Instructions live across all use cases and can define things like:

  • never tell a customer something is free, please use included instead.
  • where possible always movie, and never use flick.
  • never offer a customer streaming options for The Phantom Menace. There's better Star Wars movies! πŸ€ͺ

At Relate Zendesk also announced more fine-grained controls for AI Agents, but I haven't been able to play around with these new capabilities yet.

Conclusion

So, there you have it. An example procedure of Zendesk's new Agentic AI Agents with adaptive reasoning capabilities. It combines use cases, procedures and external API calls into dynamic conversations with your customers that adapt to their specific questions while following your instructions.

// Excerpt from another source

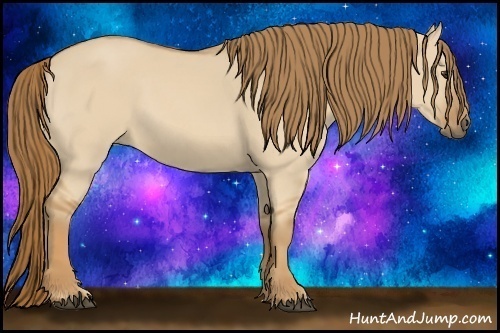 Horse Color: Red Dun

It removes the need for manually building flows, and lowers the deployment time of your AI Agents significantly. Building the entire example in this article took me just one evening!

Similar to Agent Copilot it's important to note that here to your processes are key. If you know how you handle a refund, if you know where you can retrieve order information, and if you know what's allowed for a customer to self-service, and where escalation is needed, setting these new AI Agents up is a breeze.

However, if you don't know your processes, I strongly advise you to first write down HOW you want to work, before you start building. It'll make this process a lot easier.